Rethinking the guest operating system

By Jonathan Corbet
September 18, 2013

New distributions come along rather frequently. It is somewhat less often that we see an entirely new operating system. A new system that is touted as "probably the best OS for cloud workloads," but which provides no separation between the kernel and user space and no multitasking is a rare thing indeed. But we have just such a thing in the newly announced OS^v system. Needless to say, it does not look like a typical Linux distribution.

OS^v is the result of a focused effort by a company called Cloudius Systems. Many of the people working on it will be familiar to people in the Linux community; they include Glauber Costa, Pekka Enberg, Avi Kivity, and Christoph Hellwig. Together, they have taken the approach that the operating system stack used for contemporary applications "congealed into existence" and contains a lot of unneeded cruft that only serves to add complexity and slow things down. So they set out to start over and reimplement the operating system with contemporary deployment scenarios in mind.

What that means, in particular, is that they have designed a system that is intended to be run in a virtualized mode under a hypervisor. The fundamental thought appears to be that the host operating system is already handling a lot of the details, including memory management, multitasking, dealing with the hardware, and more. Running a full operating system in the guest duplicates a lot of that work. If that duplication can be cut out of the picture, things should go a lot faster.

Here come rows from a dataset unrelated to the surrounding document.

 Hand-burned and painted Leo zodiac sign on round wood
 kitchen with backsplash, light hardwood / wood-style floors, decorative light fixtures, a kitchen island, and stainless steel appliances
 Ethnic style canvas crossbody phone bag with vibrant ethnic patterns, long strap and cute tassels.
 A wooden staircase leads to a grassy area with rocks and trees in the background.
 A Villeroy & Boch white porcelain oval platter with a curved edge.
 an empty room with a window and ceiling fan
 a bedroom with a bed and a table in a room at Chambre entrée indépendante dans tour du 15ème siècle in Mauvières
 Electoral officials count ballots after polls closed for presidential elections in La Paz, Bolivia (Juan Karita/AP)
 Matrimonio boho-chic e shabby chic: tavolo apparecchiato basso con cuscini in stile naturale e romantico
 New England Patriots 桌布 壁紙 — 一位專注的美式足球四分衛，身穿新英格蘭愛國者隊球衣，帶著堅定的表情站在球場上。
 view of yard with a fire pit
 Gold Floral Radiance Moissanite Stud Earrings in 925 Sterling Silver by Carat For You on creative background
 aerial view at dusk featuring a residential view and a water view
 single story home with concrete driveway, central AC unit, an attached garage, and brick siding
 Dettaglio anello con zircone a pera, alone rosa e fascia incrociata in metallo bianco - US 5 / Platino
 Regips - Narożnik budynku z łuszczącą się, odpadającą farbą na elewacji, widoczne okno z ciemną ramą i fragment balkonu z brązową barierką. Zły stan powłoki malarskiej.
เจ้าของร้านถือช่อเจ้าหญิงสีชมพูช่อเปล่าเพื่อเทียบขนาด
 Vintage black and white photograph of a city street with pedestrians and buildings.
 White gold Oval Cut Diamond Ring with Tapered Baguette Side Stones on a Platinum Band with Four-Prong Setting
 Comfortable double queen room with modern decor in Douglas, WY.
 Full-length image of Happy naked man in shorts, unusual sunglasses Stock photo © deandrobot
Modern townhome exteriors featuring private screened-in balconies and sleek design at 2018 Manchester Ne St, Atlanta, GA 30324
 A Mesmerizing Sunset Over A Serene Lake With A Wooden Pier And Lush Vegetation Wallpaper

OS^v is thus designed from the beginning to run under KVM (ports to other hypervisors are in the works), so it does not have to drag along a large set of device drivers. It is designed to run a single application, so a lot of the mechanisms found in a Unix-like system has been deemed to be unnecessary and tossed out. At the top of the list of casualties is the separation between the kernel and user space. By running everything within a single address space, OS^v is able to cut out a lot of the overhead associated with context switches; there is no need for TLB flushes, for example, or to switch between page tables. Eliminating that overhead helps the OS^v developers to claim far lower latency than Linux offers.

What about security in this kind of environment? Much of the responsibility for security appears to have been passed to the host, which will run any given virtual machine in the context of a specific user account and limit accesses accordingly. Since OS^v only runs a single application, it need not worry about isolation between processes or between users; there are no other processes or users. For the rest, the system seems to target Java applications in particular, so the Java virtual machine (JVM) can also play a part in keeping, for example, a compromised application from running too far out of control.

Speaking of the JVM, the single-address-space design allows the JVM to be integrated into the operating system kernel itself. There are certain synergies that result from this combination; for example, the JVM is able to use the page tables to track memory use and minimize the amount of work that must be done at garbage collection time. Java threads can be managed directly by the core scheduler, so that switching between them is a fast operation. And so on.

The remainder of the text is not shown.